Tuesday, August 5, 2014

kstat changes in illumos

One of the nice changes to the kstat (kernel statistics) command in illumos is its conversion to C from perl. There were several areas in the illumos (nee OpenSolaris) code where perl had been used. But these were too few to maintain critical mass and it is difficult for interpreted runtimes to change at the pace of an OS, so keeping the two in lockstep is simply not worthwhile. So the few places where parts of illumos were written in perl have been replaced by native C implementations.

The kstat(1m) command rewritten in C was contributed by David Höppner, an active member of the illumos community. It is fast and efficient at filtering and printing kstats. By contrast, the old perl version had to start perl (an interpreter), find and load the kstat-to-perl module, and then filter and print the kstats. Internal to the kernel, kstats are stored as a name-value list (nvlist) containing strongly-typed data. Many of these are 64-bit integers. This poses a problem for the version of perl used (5.12) as the 64-bit support is dependent on the compiled version and illumos can be compiled for both 32 and 64 bit processors. To compensate for this mismatch, the following was added to the man page for kstat(3perl):

Several of the statistics provided by the kstat facility are stored as 64-bit integer values. Perl 5 does not yet internally support 64-bit integers, so these values are approximated in this module. There are two classes of 64-bit value to be dealt with: 64-bit intervals and times

These are the crtime and snaptime fields of all the statistics hashes, and the wtime, wlentime, wlastupdate, rtime, rlentime and rlastupdate fields of the kstat I/O statistics structures. These are measured by the kstat facility in nanoseconds, meaning that a 32-bit value would represent approximately 4 seconds. The alternative is to store the values as floating-point numbers, which offer approximately 53 bits of precision on present hardware. 64-bit intervals and timers as floating point values expressed in seconds, meaning that time-related kstats are being rounded to approximately microsecond resolution.

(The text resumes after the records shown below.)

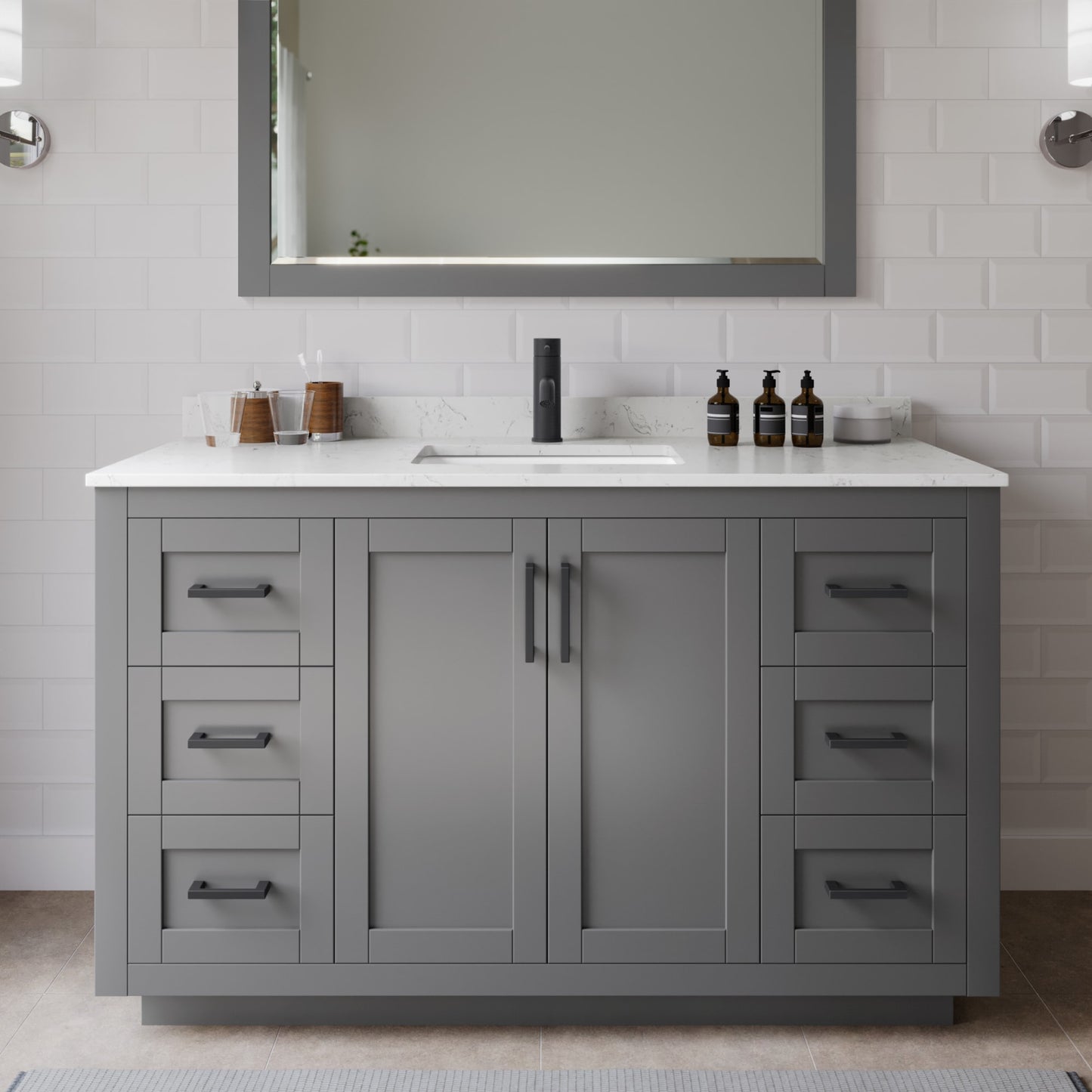Miranda Bathroom Vanity with Countertop 54 inch Single Sink Single hole Faucet Setup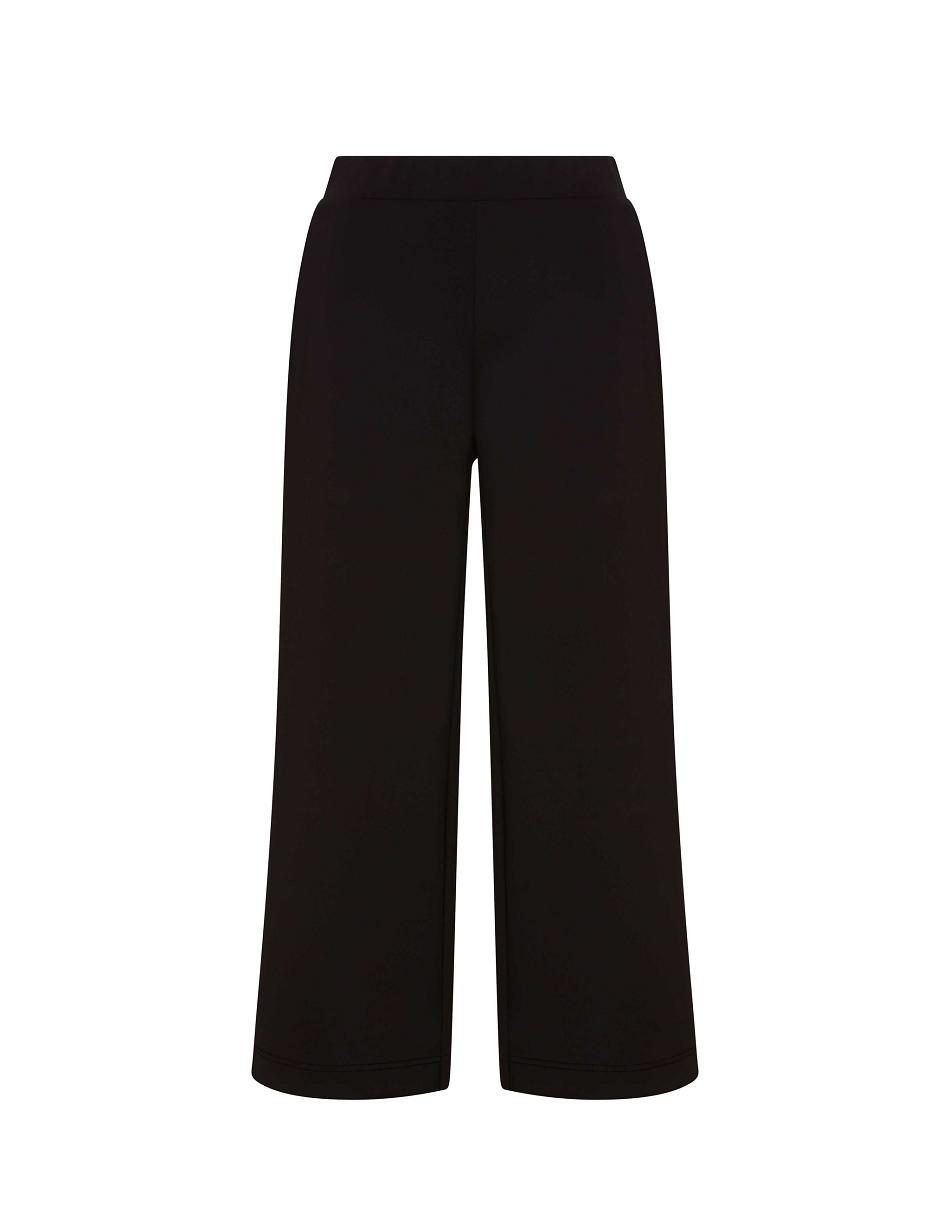 Anne Klein Wide Leg Pull On Crop Pant- Clearance Bottoms Black | DAUVO52030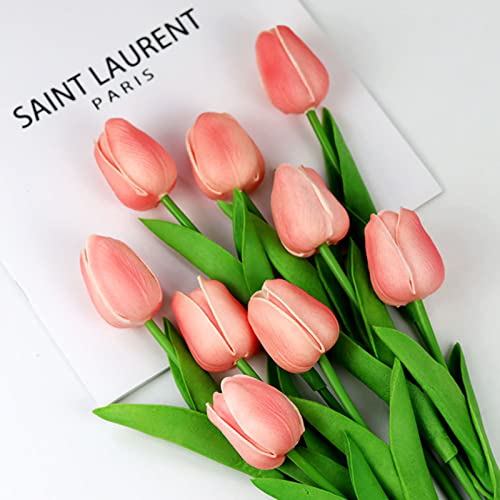 30Pcs Real Touch Tulips Pu Artificial Flowers, Fake Tulips Flowers For Arrangement Wedding Party Easter Spring Home Dining Room Office Decoration (Peach) #TOP6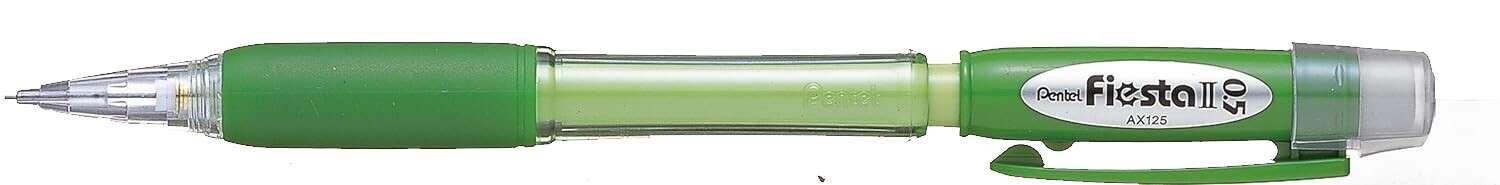 Pentel Fiesta II Portamine HB 05 mm con gomma - Include 2 ricariche - Impugnatura in gomma - Design ergonomico - Colore verde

It is not useful to store these values as 32-bit values. As noted above, floating-point values offer 53 bitsof precision. Accordingly, all 64-bit counters are stored as floating-point values.

For consumers of the kstat(1m) command output, this means that kstat I/O statistics are stored as seconds (floating point) instead of nanoseconds. For example, with formatting adjusted for readability:
Perl-based kstat(1m)
# kstat -p sd:0:sd0
sd:0:sd0:class        disk
sd:0:sd0:crtime       1855326.99995062
sd:0:sd0:nread        380919301
sd:0:sd0:nwritten     1984175104
sd:0:sd0:rcnt         0
sd:0:sd0:reads        18455
sd:0:sd0:rlastupdate  2371703.49260763
sd:0:sd0:rlentime     147.154123471
sd:0:sd0:rtime        49.399890683
sd:0:sd0:snaptime     2371828.77138052
sd:0:sd0:wcnt         0
sd:0:sd0:wlastupdate  2371703.49174494
sd:0:sd0:wlentime     2.425675727
sd:0:sd0:writes       103602
sd:0:sd0:wtime        1.43643661

C-based kstat(1m)
# kstat -p sd:0:sd0
sd:0:sd0:class        disk
sd:0:sd0:crtime       244.271312204
sd:0:sd0:nread        25549493
sd:0:sd0:nwritten     1698218496
sd:0:sd0:rcnt         0
sd:0:sd0:reads        4043
sd:0:sd0:rlastupdate  104543293563241
sd:0:sd0:rlentime     68750036336
sd:0:sd0:rtime        64365048052
sd:0:sd0:snaptime     104509.092582653
sd:0:sd0:wcnt         0
sd:0:sd0:wlastupdate  104543293482995
sd:0:sd0:wlentime     4569934990
sd:0:sd0:writes       289766
sd:0:sd0:wtime        4551425719

I find kstat(1m) output to be very convenient for historical tracking and use it often. If you do too, then be aware of this conversion.

One of the best features of the new C-based kstat(1m) is the ability to get kstats as JSON. This is even more useful than the "parseable" output shown previously.
# kstat -j sd:0:sd0
  "module": "sd",
  "instance": 0,
  "name": "sd0",
  "class": "disk",
  "type": 3,
  "snaptime": 104547.013504692,
  "data": {
    "crtime": 244.271312204,
    "nread": 25549493,
    "nwritten": 1700980224,
    "rcnt": 0,
    "reads": 4043,
    "rlastupdate": 104733296813446,
    "rlentime": 68901598866,
    "rtime": 64513785819,
    "snaptime": 104547.013504692,
    "wcnt": 0,
    "wlastupdate": 104733296708770,
    "wlentime": 4579560895,
    "writes": 290404,
    "wtime": 4561051625

Using JSON has the added advantage of being easy to parse without making assumptions about the data. For example, did you know that some kernel modules use ':' in the kstat module, instance, name, or statistic? This makes using the parseable output a little bit tricky. The JSON output is not affected and is readily and consistently readable or storable in the many tools that support JSON.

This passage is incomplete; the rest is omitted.